Description
Not sure this is necessarily an issue with OpenBLAS vs users of OpenBLAS (numpy, pytorch).
I'm seeing slow python imports of pytorch; literally import pytorch
is taking multiple seconds on my system.
When I record the python interpreter with linux perf record
, perf report
shows most cycles are spent in blas_thread_server
via BOTH liblapack.so.3 and libcblas.so.3. i.e.
Overhead Command Shared Object Symbol
40.31% python liblapack.so.3 [.] blas_thread_server
36.85% python libcblas.so.3 [.] blas_thread_server
If I annotate either, it seems both are near reading the time stamp counter:
0.31 │3c:┌─→mov (%r15),%rax ▒
│ │ cmp $0x1,%rax ▒
│ │↓ ja b0 ▒
│ │ nop ▒
│ │ nop ▒
│ │ nop ▒
│ │ nop ▒
│ │ nop ▒
│ │ nop ▒
5.29 │ │ nop ▒
│ │ nop ▒
│ │ rdtsc ◆
91.82 │ │ sub %ecx,%eax ▒
│ │ cmp %eax,thread_timeout ▒
2.59 │ └──jae 3c
I'm guessing that's corresponding to code around here.

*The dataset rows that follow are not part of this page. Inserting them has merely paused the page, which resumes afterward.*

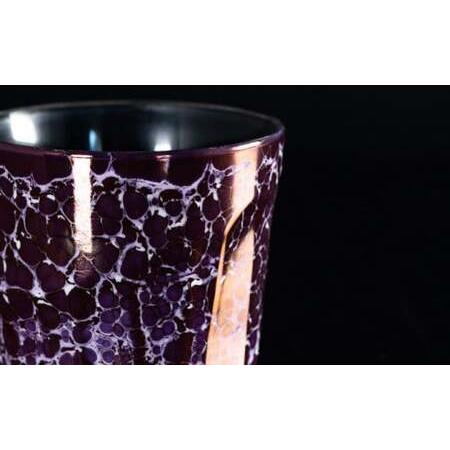 ふるさと納税 【世界でグランプリ受賞】有田焼 大理石のような質感 ロックカップ 麟 Lin Marble Old Pink Gold 1個【金照堂】ロックグラス ウイ.. 佐賀県有田町の画像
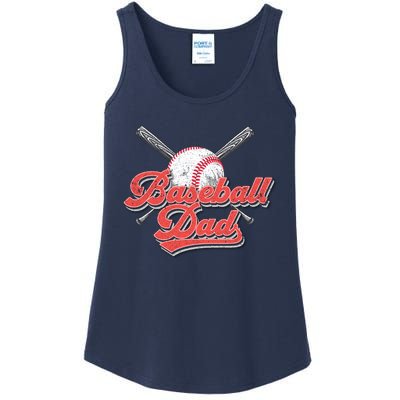 Baseball Dad Vintage Baseball For Dad Ladies Essential Tank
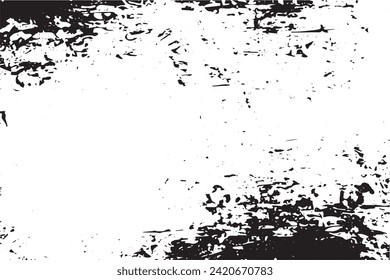 textura de grunge negro sobre fondo blanco, imagen vectorial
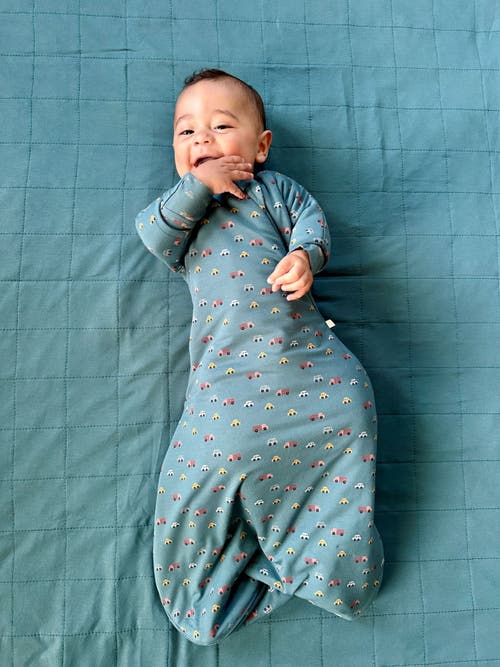Gunamuna Long Sleeve Transitional Swaddle Sleep Bag, 1.0 Tog In Gray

numpy/numpy#24639 seems like someone else hit this, too, but...https://xkcd.com/979/.
How do I even go about debugging this further? Is it an issue in pytorch? numpy? openblas? PEBKAC?
Importing numpy alone doesn't seem problematic, though I suspect that it's part of the chain of dependencies here. Perhaps related to how pytorch is (mis)using numpy then???